A meteor-obsessed scientist believes NASA’s analysis of the fireball that streaked across the sky in western Maine on Tuesday is wrong, and said Friday that the meteor probably did produce meteorites that hit the ground.

After analyzing video footage, seismic data and wind conditions, aerospace scientist Rob Matson has released a map showing a U-shaped area 3 miles wide and 10 miles long north of the Rangeley Lake region where he believes meteorites from Tuesday’s fireball are likely to have landed.

But Bill Cooke, NASA’s meteoroid specialist, still thinks the space rock burned up in the Earth’s atmosphere and that none of the chunks reached the ground.
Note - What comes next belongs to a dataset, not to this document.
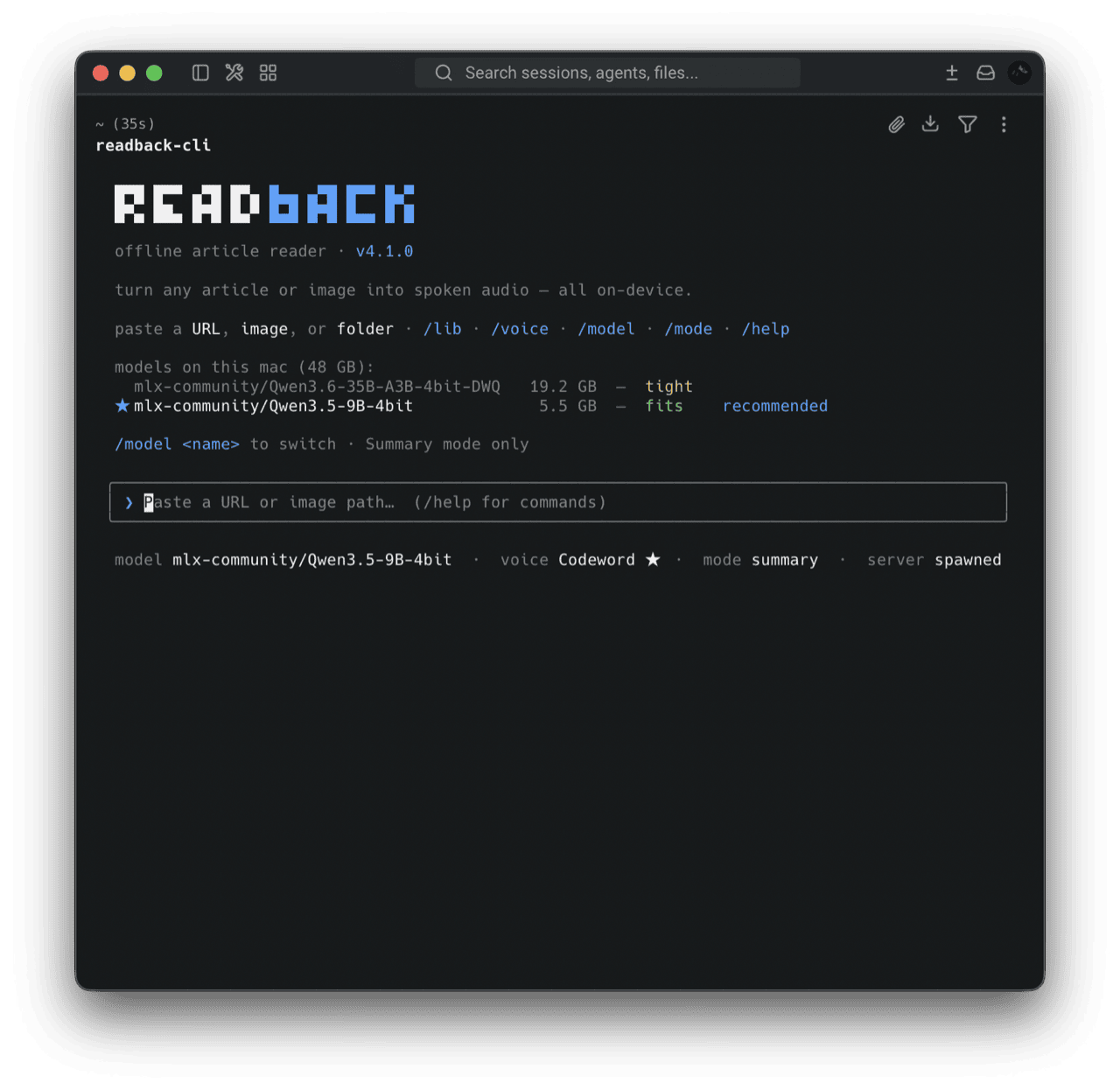 readback CLI /model list: downloaded MLX models with RAM-fit verdicts and a recommendation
And even if they did, Cooke said, they’re going to be hard to find in Maine’s dense woods. Especially in black fly season.

Cooke, who runs the space agency’s meteoroid environment office, said he’s seen no evidence that pieces of the meteoroid survived into the lower atmosphere, where they likely would have been detected by sensitive Doppler radar, which is used in weather forecasting.

“I’m not going to say absolutely it didn’t produce meteorites on the ground, but I have not seen a Doppler signature that would suggest that,” Cooke said Friday night from the Marshall Space Flight Center near Huntsville, Alabama.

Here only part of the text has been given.